Damn. No, not “the torpedoes,” but damn the fact that my first Tom Petty song post on Reselect is an “in memoriam” post. He was certainly not who I would have guessed to be the next big one to leave us — there’s a whole raft of increasingly rickety rockers who began in the Sixties who you’d think would have gone ahead of him (not that I wish that on any of them, of course). Tom didn’t hit the big time until the mid-Seventies — he should have had all sorts of time left. But such is the unpredictability of life, I suppose. So it goes.
Petty was one of that small group of artists I considered something like the “muscle” of rock music — he operated at a level that seemingly helped to power the whole operation and anchor it. All he had to do was flex, so to speak, and great rock would happen. There was little there in terms of superficial, cosmetic appeal — I mean, Tom certainly didn’t go in much for appearances — and he was one of the least pretentious of the major names in rock. He was all about the music — and was a truly decent guy on top of that — and even if he came up with a lesser album now and then, as he had more often in his post-’90s career, you knew he was just following his heart, which always seemed to be in the right place. Except last week, when that heart made the really poor decision to stop working.
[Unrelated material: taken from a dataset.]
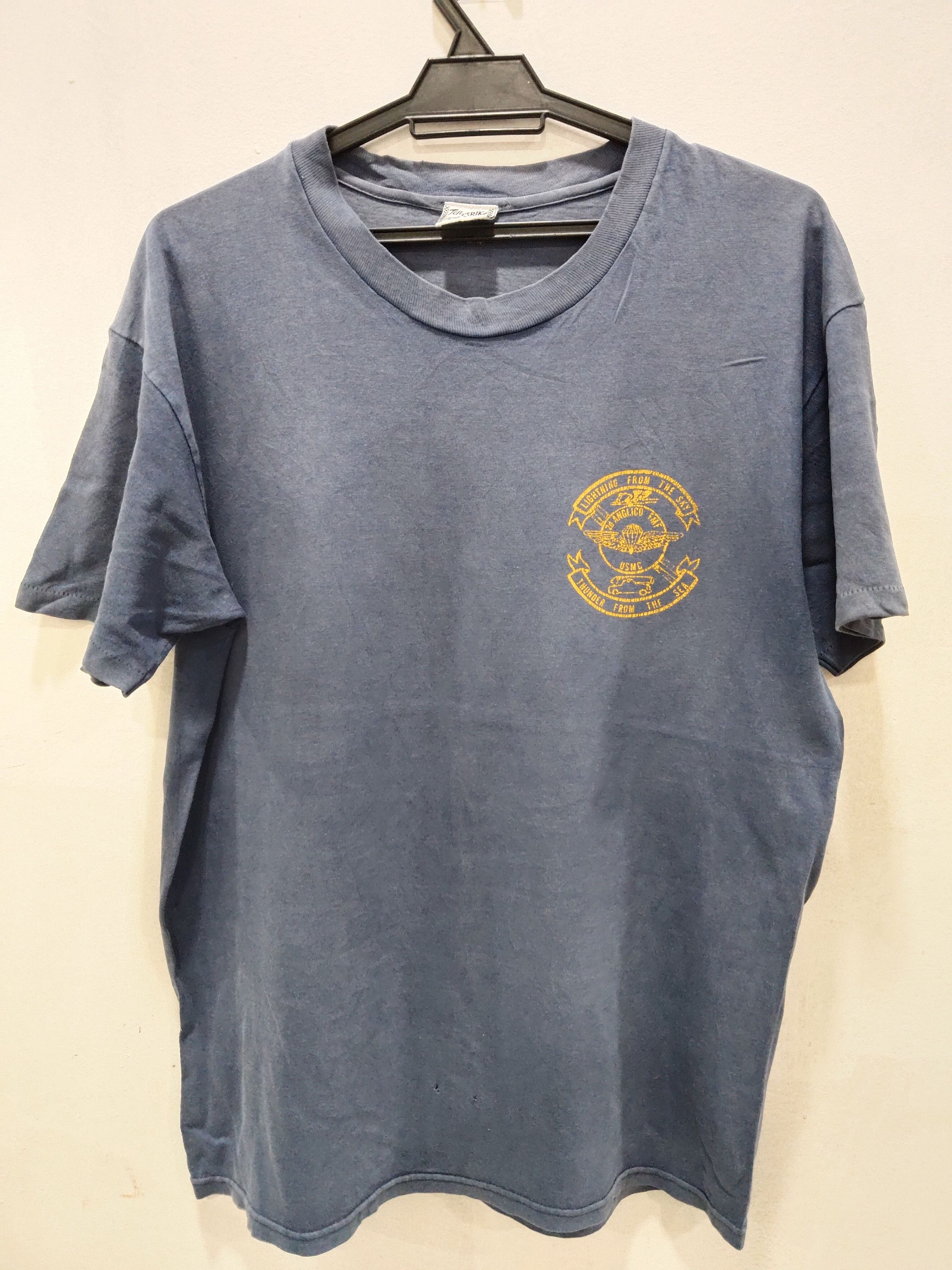Vintage Vintage 80s Faded&Thrashed USMC Tshirt Size US M / EU 48-50 / 2 - 2 Thumbnail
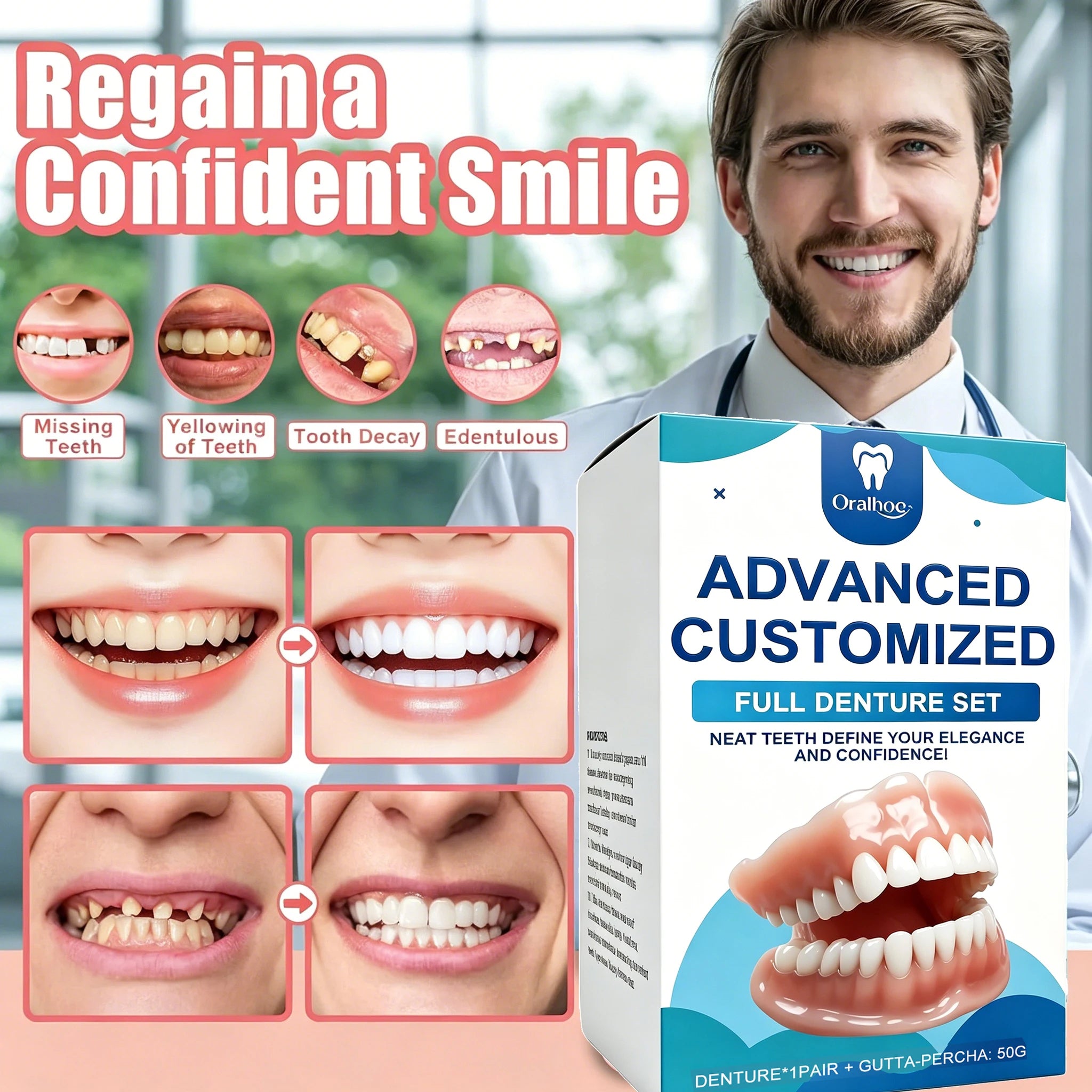 Natural Texture Realistic Full Denture Set for a Comfortable and Confident Smile - 8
Oh, that heart was known to go off in errant directions, and when that happened, it was more than once the result of coming under the influence of a less-than-ideal svengali/producer. It first happened with Southern Accents, produced by Dave Stewart of Eurythmics fame: sure, “Don’t Come Around Here No More” is fine and all, but the album truly suffered under it’s slick veneer of ’80s pop polish. Unfortunately, Petty didn’t quite learn his lesson, because it wasn’t long before he joined forces with Jeff Lynne of ELO, who tends to make everything he touches sound like a Disneyland version of rock and roll (see the Traveling Wilburys, the band Lynne formed with Petty, George Harrison, Roy Orbison, and Bob Dylan). Heck, he even made the Beatles sound like the Traveling Wilburys (see “Free as a Bird”). It’s to Petty’s credit that Full Moon Fever was nonetheless a great album — his songwriting for the album was too good for even Lynne’s over-polished production to keep down. But I always wish we could have heard what that album (and Into the Great Wide Open, also produced by Lynne) might have sounded like if produced by Rick Rubin, who produced the later Wildflowers, or maybe T-Bone Burnett — any other good producer known less for leaving their own imprint on everything they work on.
But even by the late ’80s, Petty was already a legend — in fact, I’d say that most of his status today derives from the music he created between 1976 and 1982. Those 1989-94 albums (both of Lynne’s productions, plus Wildflowers) merely helped to seal the deal (and provide additional Petty fodder for classic rock stations). The sheer greatness, in particular, of the 1976 debut album (Tom Petty & the Heartbreakers), 1979’s Damn the Torpedoes, and 1981’s Hard Promises guaranteed him a place in the rock pantheon. He was a rocker’s rocker who was cool enough to even be respected by the punk movement that was emerging around the time of his debut. There’s a lean, tightly wound energy that drives Tom Petty & the Heartbreakers, making it seem like a reaction to the increasingly bloated rock of the ’70s in a way that was similar to punk. The difference between Petty and the Heartbreakers and most punk bands, though, was the musicianship — the Heartbreakers were a tight band, great musicians all, whereas punks reveled in their amateurishness. But I’m sure Petty got what the punks were doing as well and respected it in return.
I admittedly lost track of what Petty was recording over the past 10 or so years, and from what I understand, there may be good reason for that, although he apparently made a return to form on 2014’s Hypnotic Eye. But even if his best songs were behind him, Petty could always be counted on to put on great shows. The Heartbreakers were one of rock’s best bands, and putting on a lackluster show was not something they knew how to do. I saw them a few times and was never disappointed — they were particularly good while touring with Bob Dylan in 1986 (during which they served both as his opening band and his backing band).
One of my favorite Petty songs is “Nightwatchman,” the third song on Hard Promises — it harkens back to that sinewy sound of the debut album unlike anything else they were doing by 1982. It’s a slinky song featuring a cool, little guitar figure and Petty in full-on Petty voice (you know, that high, Roger McGuinn-inspired nasal tone) — one of the last times on record that they would sound as stripped down as they had on their debut. In some ways it epitomizes for me everything cool and great about Petty and the band.
Whether Tom Petty would ever again have written and recorded songs as good as his most classic ones is really beside the point — when Petty’s heart stopped last week, it took a chunk of the heart of true rock ‘n’ roll with it.